> [What to work on]: From the first line to the last, retype everything below exactly, minus the pictures.
[Opening Data block section]
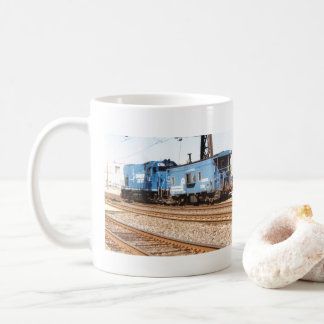 Conrail Diesel #1633 GP-15-1 and caboose Coffee Mug
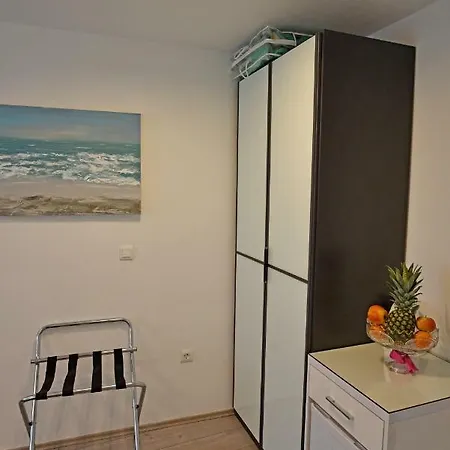 Kuzma 2 Guest house Split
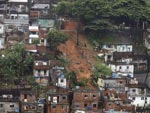 Viso geral de um deslizamento de terra causado pelas fortes chuvas no Rio de Janeiro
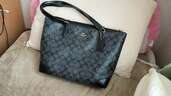 コーチのトートバッグ（ブランドバッグ）の商品画像 - 査定依頼日：2024年11月23日 - 最高査定価格：2,000円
[Closing Data block section]
> [Output below]:
 Conrail Diesel #1633 GP-15-1 and caboose Coffee Mug
 Kuzma 2 Guest house Split
 Viso geral de um deslizamento de terra causado pelas fortes chuvas no Rio de Janeiro
 コーチのトートバッグ（ブランドバッグ）の商品画像 - 査定依頼日：2024年11月23日 - 最高査定価格：2,000円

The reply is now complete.